• INFORMATION PROVIDED:
Content starts

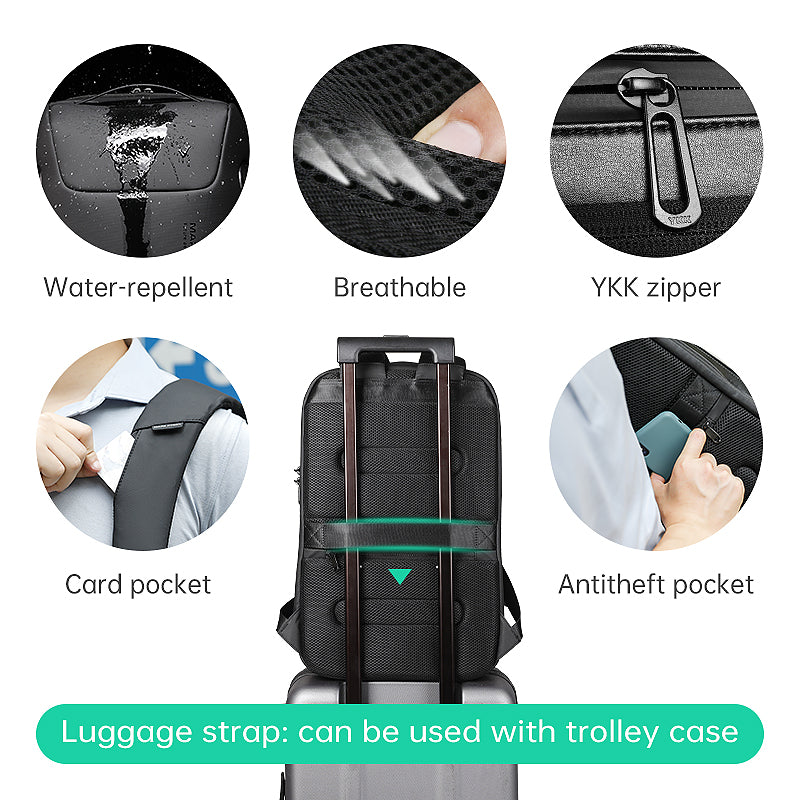 Mark Ryden Global's Odyssey business backpack - black, water-repellent, USB charging, anti-theft, TSA lock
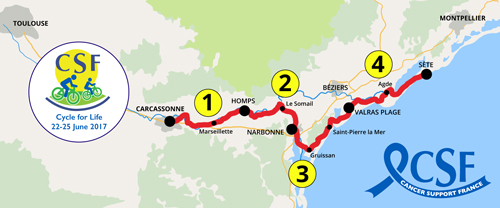 Map for 2017 Cycle for Life route through the Occitanie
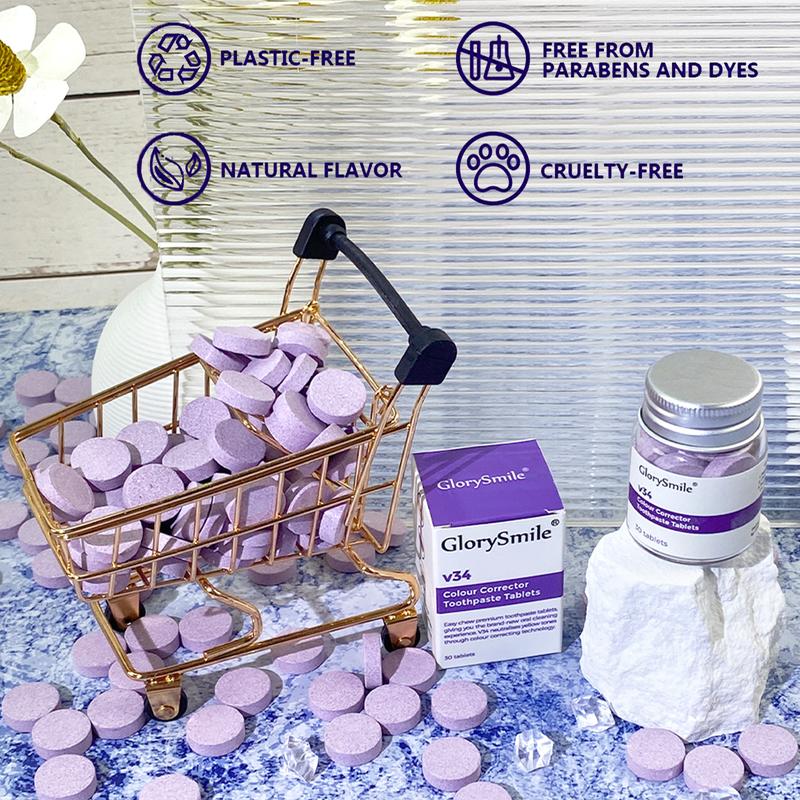 GlorySmile Purple Toothpaste Tablets-30PCS Remineralizing Toothpaste, Chewable Travel Size Vegan Tabs,Glass Jar Oral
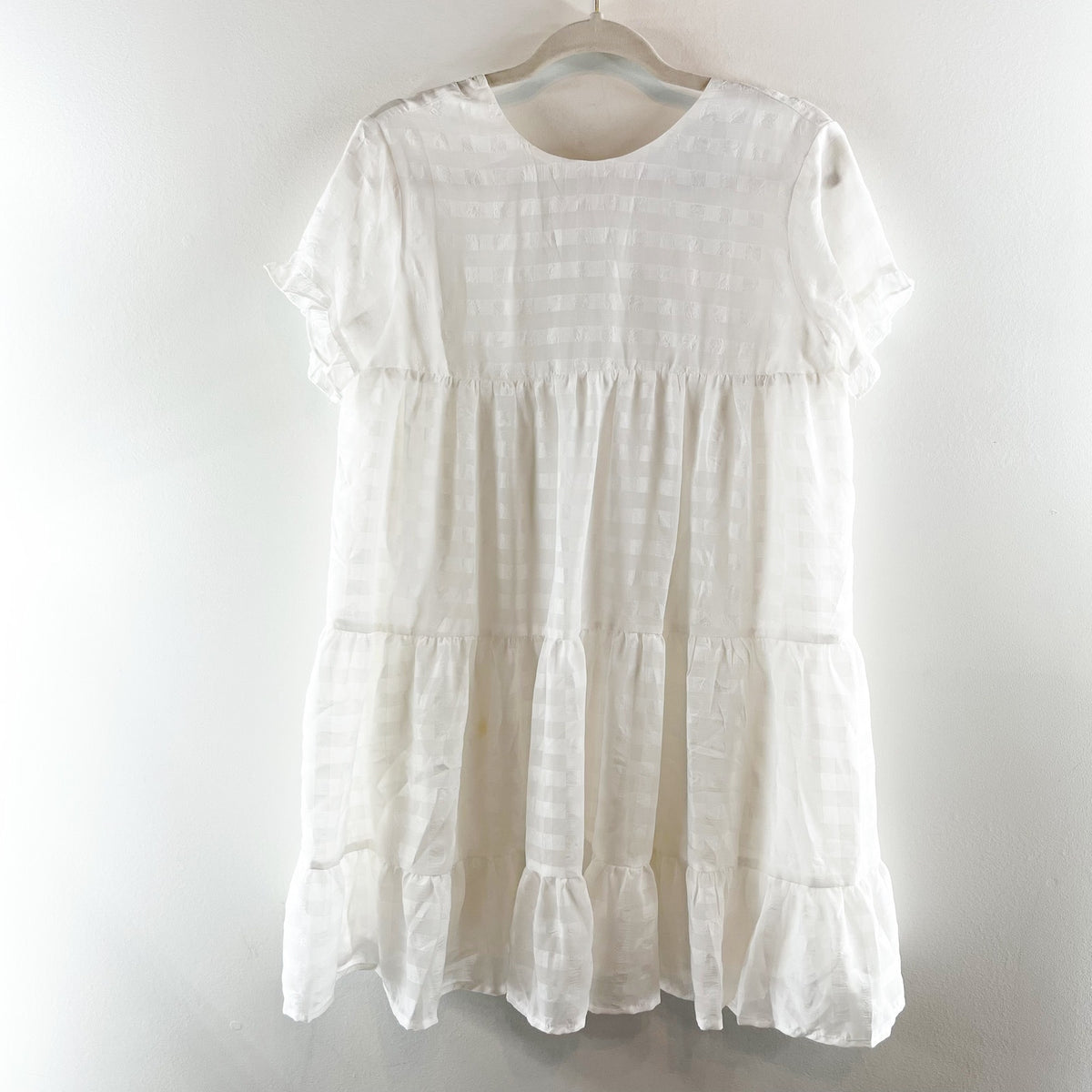 Hello Molly We Need Space Babydoll Tiered Mini Dress White 2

Content ends

• REQUIREMENT: Restate verbatim the lines that begin at the one holding "Map for 2017" and end at the last line of the material. Exclude pictures.

• THE COMPLETED TASK:
 Map for 2017 Cycle for Life route through the Occitanie
 GlorySmile Purple Toothpaste Tablets-30PCS Remineralizing Toothpaste, Chewable Travel Size Vegan Tabs,Glass Jar Oral
 Hello Molly We Need Space Babydoll Tiered Mini Dress White 2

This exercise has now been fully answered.